**Work to be completed:** In the entries below, begin at the line with "Couteau d'office OPINEL" and stop after the line with "Lampka czołowa Black"; output those lines exactly and omit the pictures.

**Task data:**
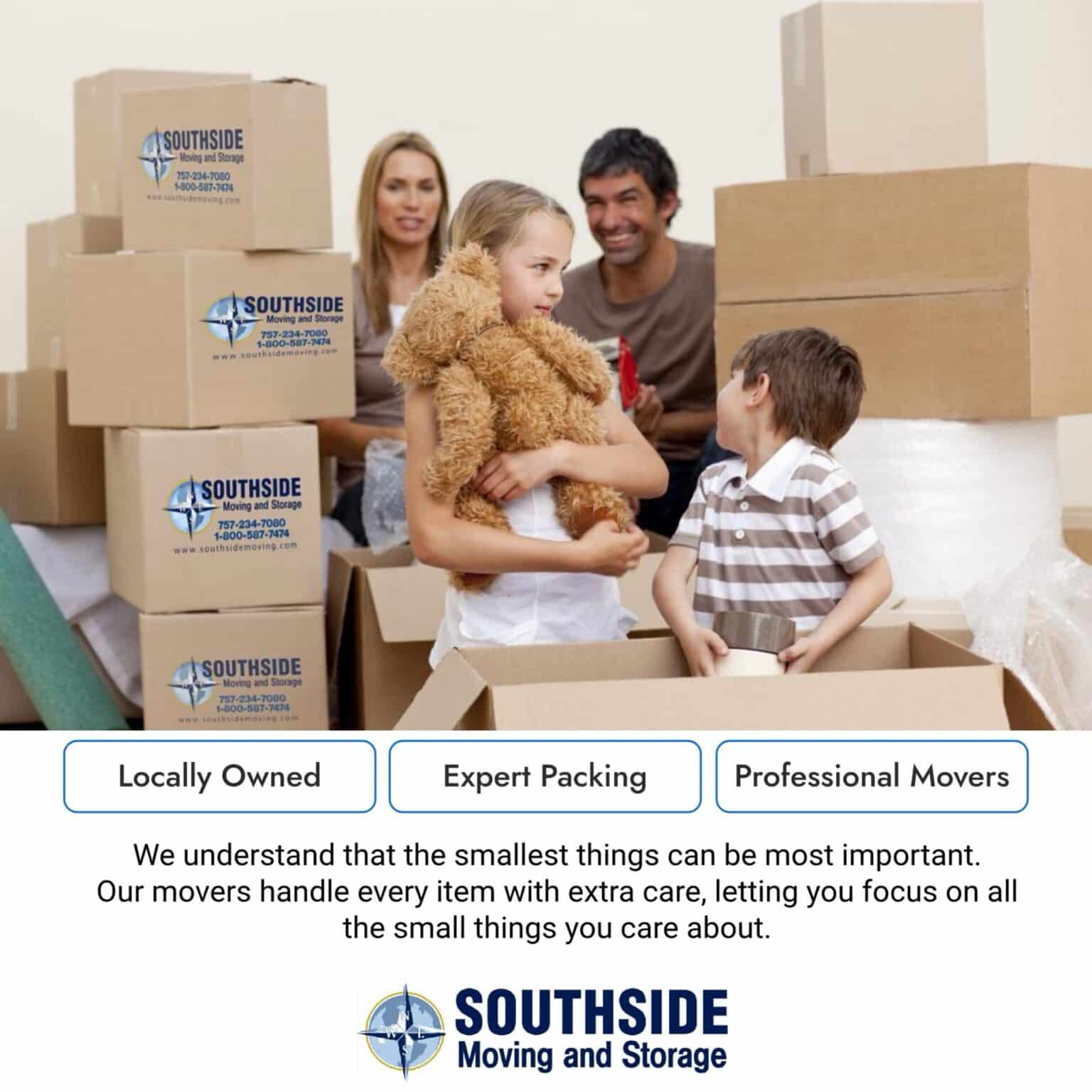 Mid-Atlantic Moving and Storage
* * *
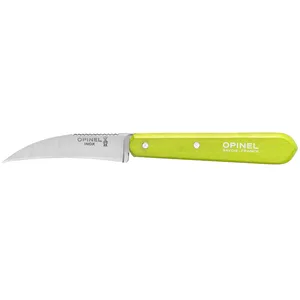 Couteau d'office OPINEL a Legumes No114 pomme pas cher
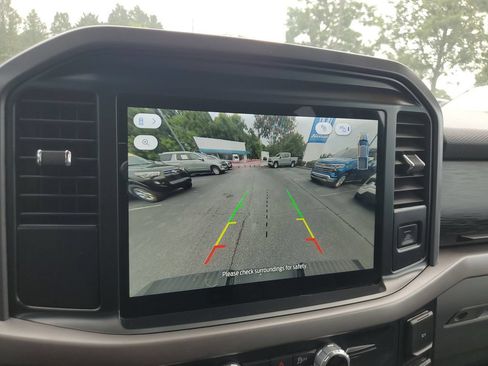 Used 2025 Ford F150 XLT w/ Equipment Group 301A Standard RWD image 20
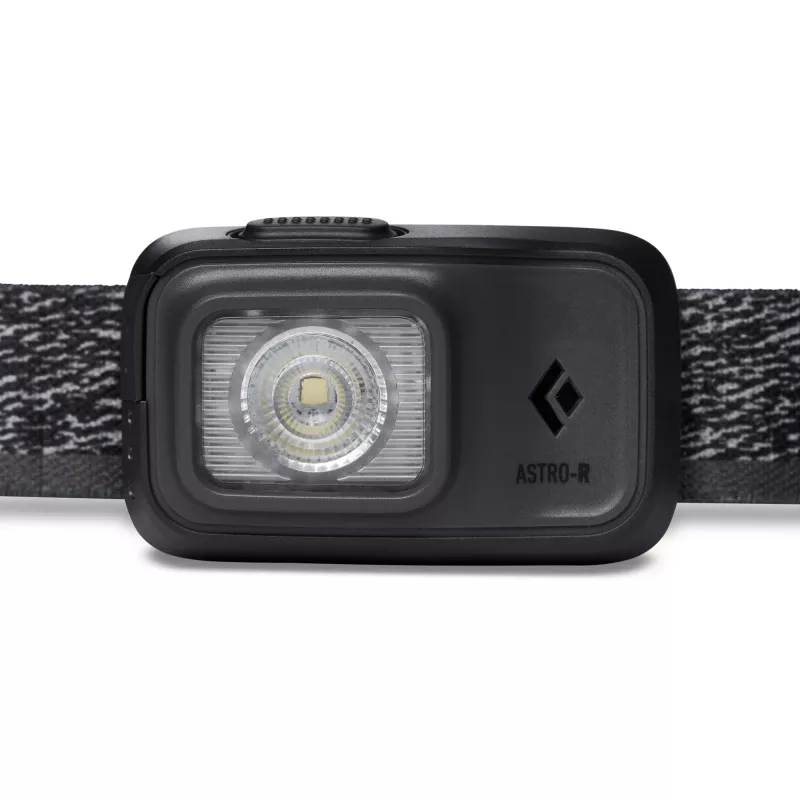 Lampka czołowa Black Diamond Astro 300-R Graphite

**Reply:**
 Couteau d'office OPINEL a Legumes No114 pomme pas cher
 Used 2025 Ford F150 XLT w/ Equipment Group 301A Standard RWD image 20
 Lampka czołowa Black Diamond Astro 300-R Graphite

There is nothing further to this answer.